TASK ITEM. Please give the lines below again exactly as they stand, from the one that contains "Letjen TNI Richard" up to and including the one that contains "Robuster Griff Handgriff", leaving all pictures out.

INFORMATION.
↓

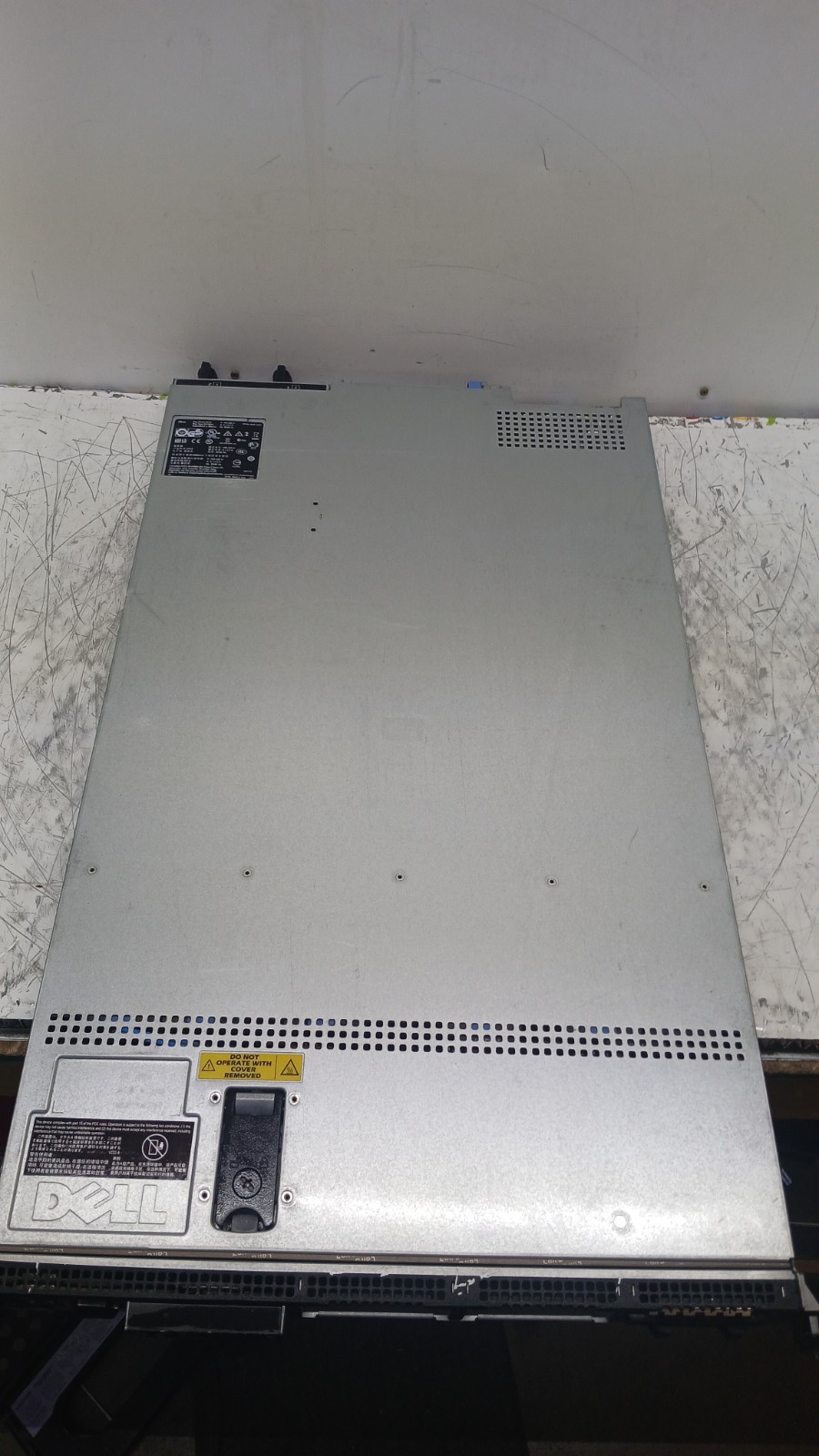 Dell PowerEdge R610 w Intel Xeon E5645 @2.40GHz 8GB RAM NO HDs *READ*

↑
↓

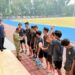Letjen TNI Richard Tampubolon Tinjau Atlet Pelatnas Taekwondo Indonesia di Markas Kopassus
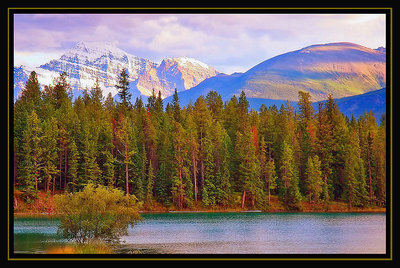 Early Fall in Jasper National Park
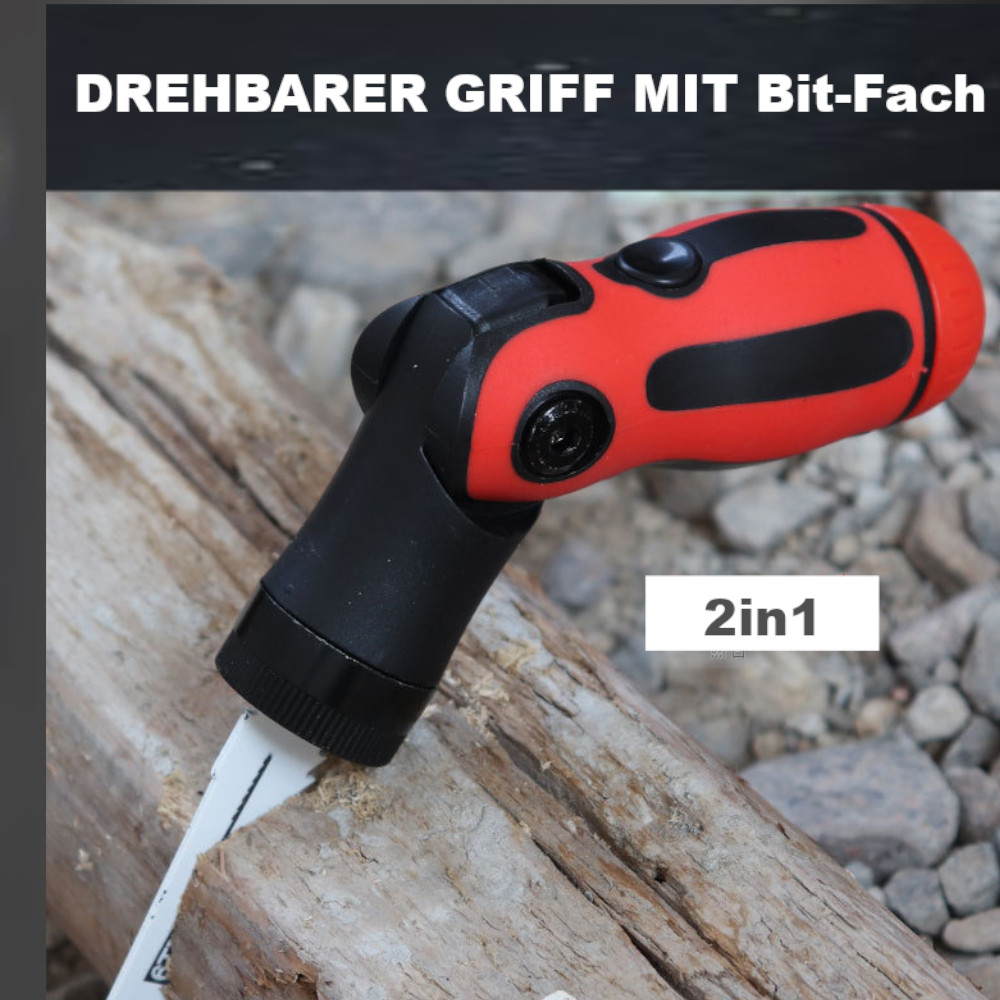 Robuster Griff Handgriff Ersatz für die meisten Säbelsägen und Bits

↑

RESPONSE BELOW.
Letjen TNI Richard Tampubolon Tinjau Atlet Pelatnas Taekwondo Indonesia di Markas Kopassus
 Early Fall in Jasper National Park
 Robuster Griff Handgriff Ersatz für die meisten Säbelsägen und Bits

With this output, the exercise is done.